### Your assignment
Take the lines below from the one with "MSTrIPES's tweet photo." through the one with "#AITE26 #Linetransect https://t.co/sWCzhFZ8v6" and print only them, exactly. Don't print the pictures.

(Given entries)

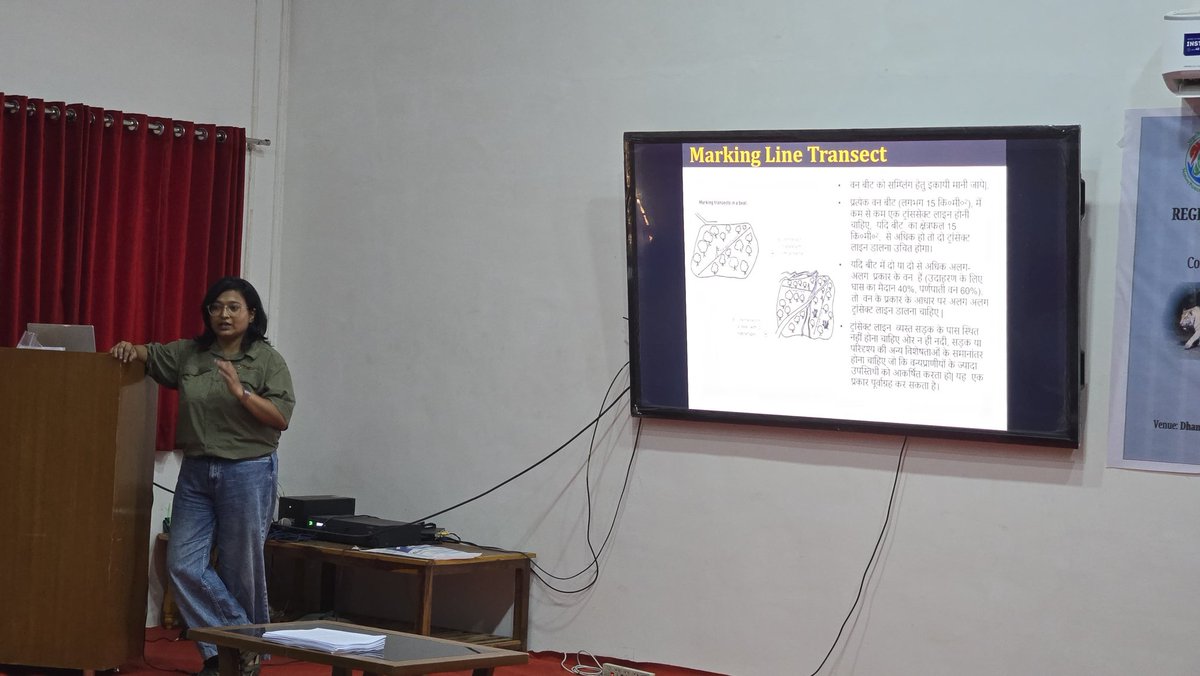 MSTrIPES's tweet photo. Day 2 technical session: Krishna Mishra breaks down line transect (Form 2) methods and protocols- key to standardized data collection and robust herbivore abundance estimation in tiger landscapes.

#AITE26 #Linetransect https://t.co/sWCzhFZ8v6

(End Given entries)
(Given entries)

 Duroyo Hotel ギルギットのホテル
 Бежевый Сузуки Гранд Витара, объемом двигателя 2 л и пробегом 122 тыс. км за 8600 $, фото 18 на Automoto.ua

(End Given entries)

### Written response
 MSTrIPES's tweet photo. Day 2 technical session: Krishna Mishra breaks down line transect (Form 2) methods and protocols- key to standardized data collection and robust herbivore abundance estimation in tiger landscapes.

#AITE26 #Linetransect https://t.co/sWCzhFZ8v6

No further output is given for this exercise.